William Arruda wymienia też kilka sposobów na to, jak się wyróżnić. Oto niektóre z nich.
- Zajmij stanowisko. Tylko osoby, które twardo stawiają na swoim i nie boją się wyrażać własnego zdania, są zapamiętywani przez innych. Brak strachu przed wyrażeniem własnego zdania buduje twoją markę wśród współpracowników, a nierzadko pozwala otworzyć też więcej drzwi wewnątrz firmy czy u jej klientów.
- Nie zgadzaj się ślepo ze wszystkim, co ma aprobatę większości. Badania psychologa Solomona Ascha wykazały, że aż trzy czwarte ludzi zgadza się z decyzjami grupy, nawet jeśli nie mają one żadnego sensu. Robią to, bo chcą osiągnąć zgodność społeczną w grupie. Ekspert cytuje Justina Bariso i radzi, by przed poparciem danego pomysłu na forum grupy zadać sobie najpierw pytanie: "jeśli nie powiem na głos o swoich wątpliwościach, to czy nie będę tego później żałować?".

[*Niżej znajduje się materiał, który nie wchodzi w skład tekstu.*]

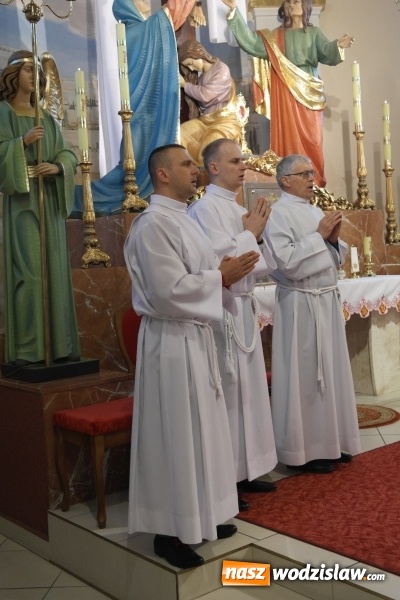 Zdjęcie w galerii na portalu naszwodzislaw.com: Niedziela Wielkanocna, czyli Zmartwychwstanie Pańskie wiadomości z regionu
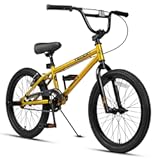 20 24 26 Inch BMX Race Bike Trident Bicycles Beginner-Level to Advanced Riders with 2 Pegs, Multiple Colors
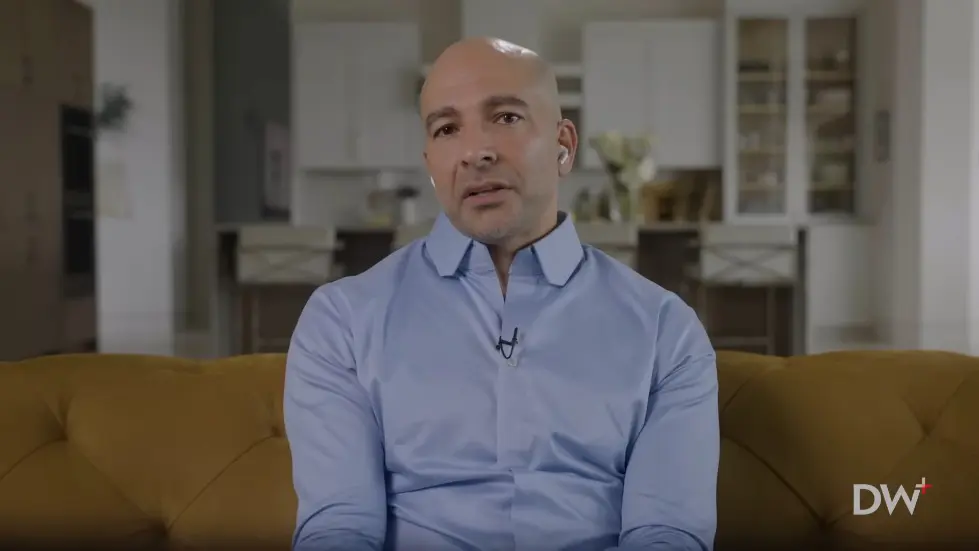 Diet and Death | Dr. Peter Attia | EP 360 021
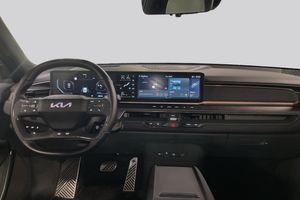 Kia EV9 bild 9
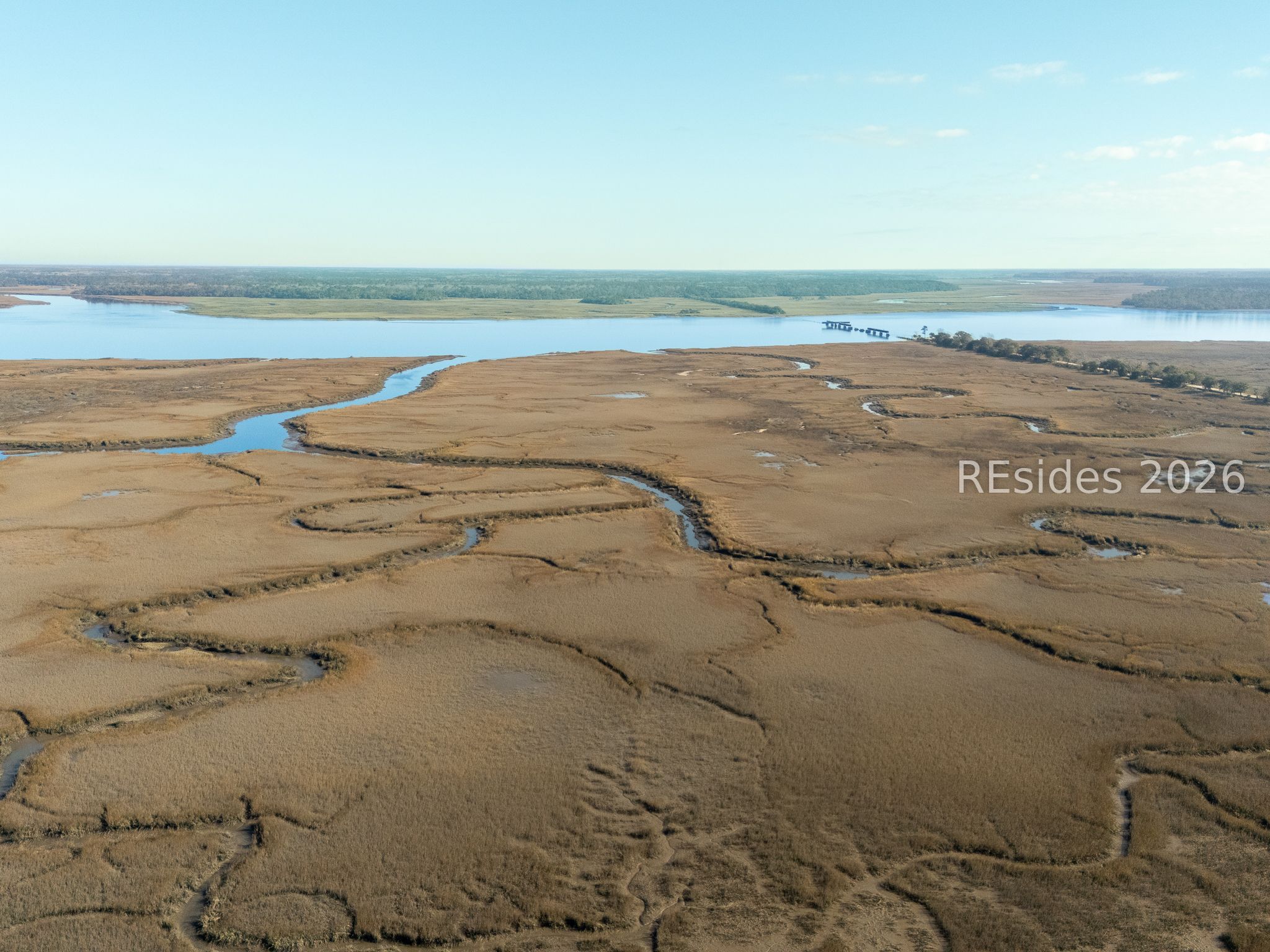 2497 Knowles Island Road Ridgeland, SC 29936 - Photo 14 of 34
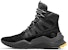 Timberland Madbury Hi 'Triple Hitam' A42RX015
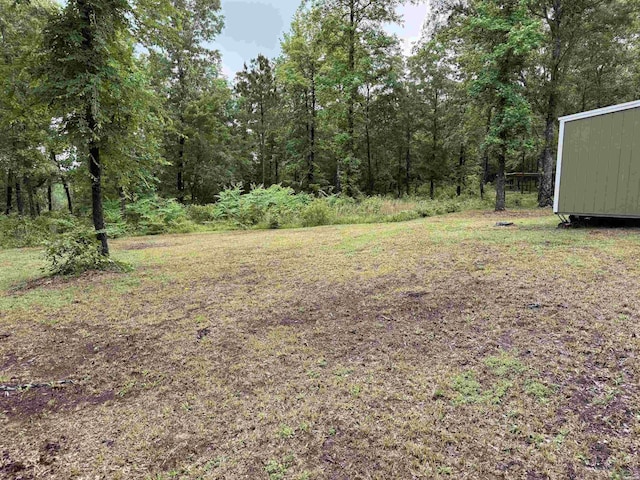 391 Angel Rd, Amity, AR 71921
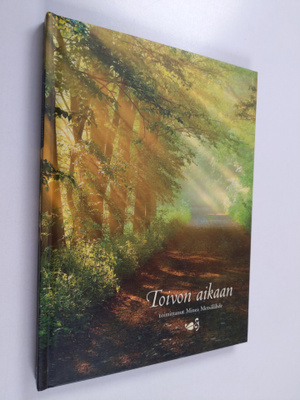 Toivon aikaan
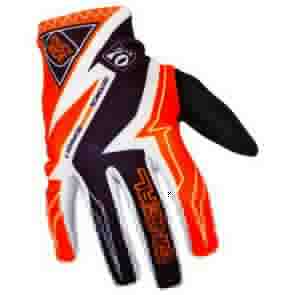 Oneal Matrix Racewear black-orange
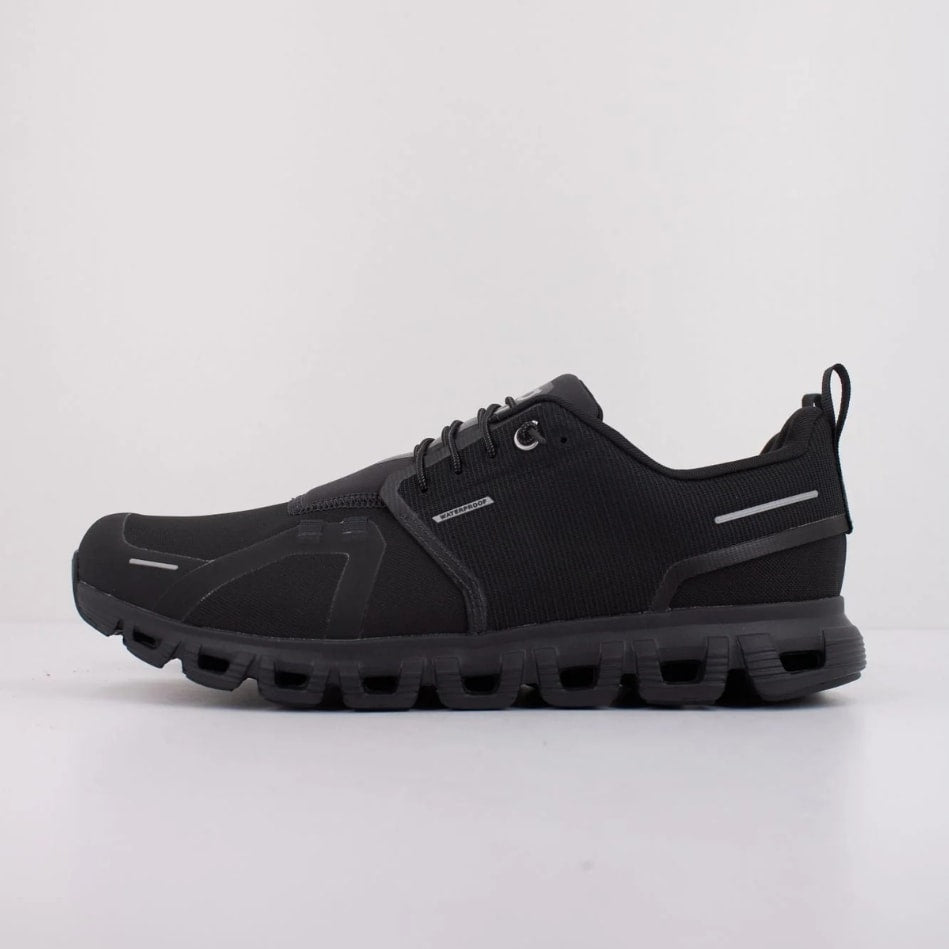 StarMagnific Running Cloud 6 Men's Sneakers - Black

- Mów własnym językiem. Żyjemy w czasach, gdy praca w korporacjach staje się coraz powszechniejsza. Łatwo zatem wpaść w pułapkę i przestawić się na mówienie w tzw. korpomowie. Jednak powtarzanie sloganów, którymi posługują się wszyscy wokół, może sprawić, że będziemy wyglądać na mniej pewnych siebie. Natomiast mówienie własnym językiem przyciąga uwagę otoczenia, szczególnie jeżeli nasz sposób mówienia ułatwia odbiorcom nawiązanie kontaktu.
Czas pokonać konformizm. Potrzebne jest twoje wyjątkowe, autentyczne "ja" – radzi na koniec.
William Arruda jest współzałożycielem CareerBlast.TV i twórcą ankiety dotyczącej marki osobistej 360Reach.